A Mesa da Assembléia Legislativa de Roraima, em 03 de janeiro de 2007, promulgou a Emenda Constitucional n.° 18, que, dentre outras medidas, alterou a redação do 61-A da Constituição Estadual, para criar pensão vitalícia a ex-Governadores do Estado.
Diz o referido dispositivo:
“Art. 61-A. Cessada a investidura no cargo de Governador do estado, quem o tiver exercido, em caráter permanente, fará jus, a título de representação, a um subsídio mensal e vitalício equivalente a 70% do pago ao titular, percebido em espécie”.
Duas questões se destacam em relação a esta pensão criada pela Assembléia. Primeiro, a quem se aplica a norma e, em segundo lugar, se é constitucional.
Este estudo pretende responder essas indagações.
Vejamos a abrangência da norma.
O art. 61-A da Constituição Estadual, acima transcrito, estabelece dois requisitos para a percepção do benefício, a saber: (1) término da investidura na Chefia do Executivo Estadual e (2) efetividade da investidura, ou seja, veda sua concessão a quem tenha exercido transitoriamente o cargo.
Vê-se que, embora pudesse fazê-lo, o legislador estadual não impôs qualquer outra restrição ao benefício que instituiu, em prol dos ex-Governadores.

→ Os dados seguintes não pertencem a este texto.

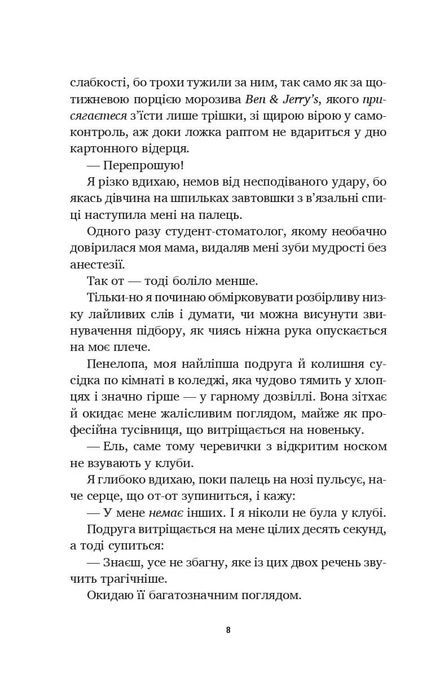 Літо в місті, Алекс Астер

Dessa forma, “o núcleo do mandamento constitucional está na atribuição de subsídio (...), a quem, cessada a investidura, tenha exercido o cargo” (STF, RP 1430, Rel. Min. Oscar Corrêa), sem qualquer outra limitação.
Sendo assim, os Chefes do Executivo Estadual (excluídos os do ex-Território), que exerceram mandato em período anterior a vigência da emenda constitucional concessiva do benefício, têm direito à sua percepção, mas a partir da data em que a norma entrou em vigor.

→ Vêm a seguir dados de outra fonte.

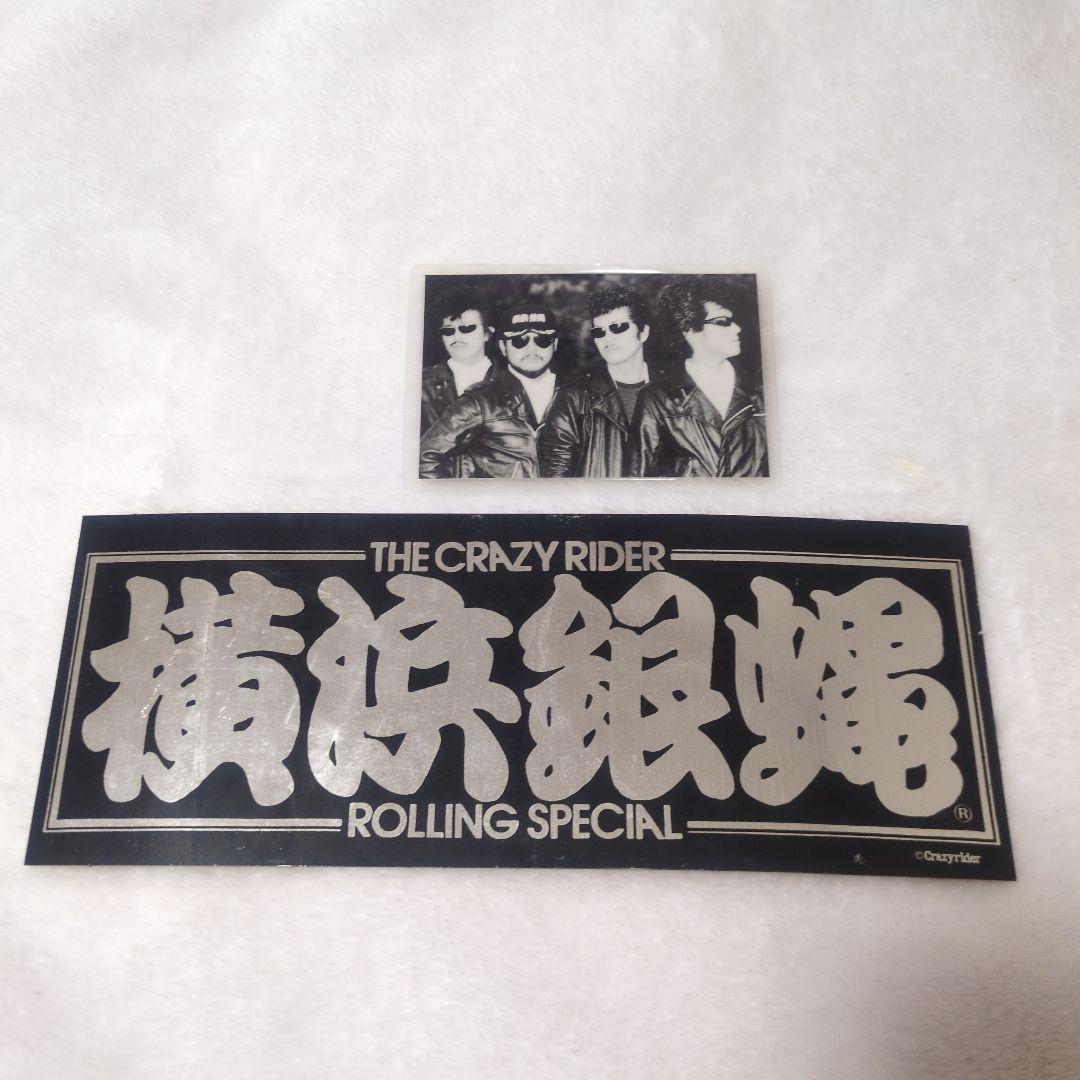 横浜銀蝿 ステッカーセット - メルカリ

Quanto à constitucionalidade.
A Constituição Federal de 1969 contemplava, em seu art. 184, o pagamento de pensão vitalícia para ex-Presidentes da República, e este dispositivo era o fundamento de validade para que os Estados da Federação adotassem regra similar para seus ex-Governadores.

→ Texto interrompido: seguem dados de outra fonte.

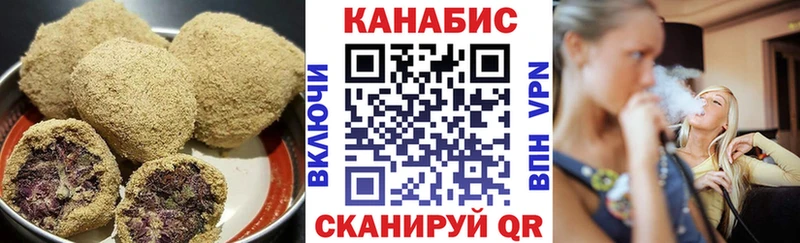 Печенье с ТГК марихуана наркошоп Ижевск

Sobre o assunto, o Supremo Tribunal Federal decidiu, em atenção ao princípio da simetria, que tais pensões somente seriam válidas enquanto vigente o padrão da Constituição da República (ADIn/MC 1.461-7).
Revogada aquela disposição, como se deu a partir da promulgação da Constituição Federal de 1988 (que não tratou do assunto), as Constituições Estaduais perderam o suporte de validade.
No caso de Roraima, a norma estadual que confere pensão vitalícia a ex-Governadores é de 03 de janeiro de 2007 e a Constituição Estadual, assim como o próprio Estado de Roraima, são posteriores a Carta Federal de 1988.
Vale dizer, não há amparo jurídico na Constituição Federal que empreste validade ao art. 61-A da Constituição Estadual de Roraima.
Nesse sentido, em recente decisão (ADIn 3.853-2), o Supremo Tribunal Federal, analisando pensão semelhante concedida ao ex-Governador do Mato Grosso do Sul (Zeca do PT), decidiu ser inconstitucional esse tipo de benefício, por violação ao princípio da simetria, dentre outros.
Sendo assim, diante desse forte precedente de nossa Suprema Corte, podemos concluir que:
1) É inconstitucional a pensão vitalícia estipulada no artigo 61-A da Constituição Estadual de Roraima, acrescido pela Emenda n.° 18, de 03 de janeiro de 2007, por violação ao princípio da simetria.
2) Enquanto esta inconstitucionalidade não for declarada pelo Judiciário ou o referido dispositivo não for revogado pelo Legislativo, a norma em questão tem validade jurídica e, como não sofre qualquer restrição temporal, se aplica a todos os ex-Governadores (excluídos os do ex-Território) que exerceram mandato em período anterior a vigência da referida emenda constitucional.